Many PCB fabricators and designers will often compare the properties listed on material data sheets to assist with the material selection process. Of course, this is a wise thing to do when choosing materials, however data sheets need to be reviewed carefully. Comparing information between data sheets may be misleading since there are many variables that go into collecting the data.
One major issue with understanding the information on data sheets and making appropriate comparisons is the test method category. It is possible to test the same piece of material for dielectric constant (Dk) using two different test methods, and arrive at two different—but correct—answers. Most PCB materials are anisotropic, which means the Dk is not the same on the x-, y- and z-axis, where the z-axis is the thickness of the material. Some test methods will test only the z-axis and other test methods will test the x-y plane. So it is possible to test the same piece of material, using a test method that evaluates the z-axis of the material for Dk, and get a different answer when testing that same material using a procedure that tests the x-y plane of the material. Both answers could be correct, but this can cause confusion when comparing data sheets. It is very important to ensure the test methods are the same when comparing similar materials.
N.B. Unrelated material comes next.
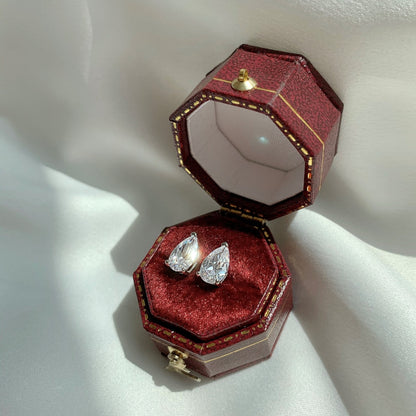 [ECHO ]Ornate Water Drop Shape Earrings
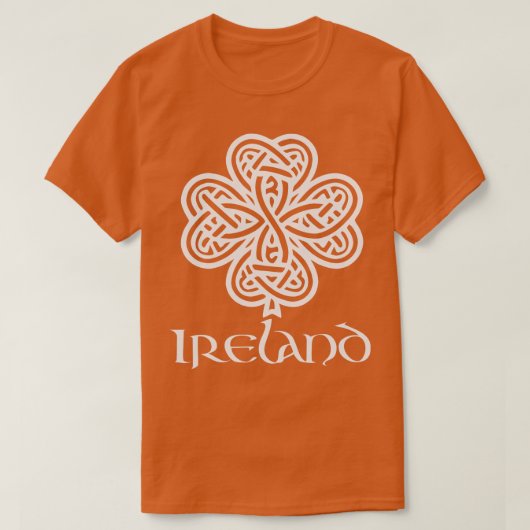 Ierland wit t-shirt (Design voorkant)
Electrical properties can be misleading since the Dk and dissipation factor (Df) of all circuit materials is frequency-dependent. These properties will naturally change with a change in frequency. Again, when comparing data sheets from similar materials and ensuring the test methods are the same, the subtle fact that the test frequency is different can alter the comparison. All materials will have a lower (better) Df at lower frequencies, and if a comparison is done with material A at 2.5 GHz and material B was tested at 10 GHz, then it is not an equal comparison because the lower-frequency test will naturally have a lower Df when compared to testing that same material at a higher frequency.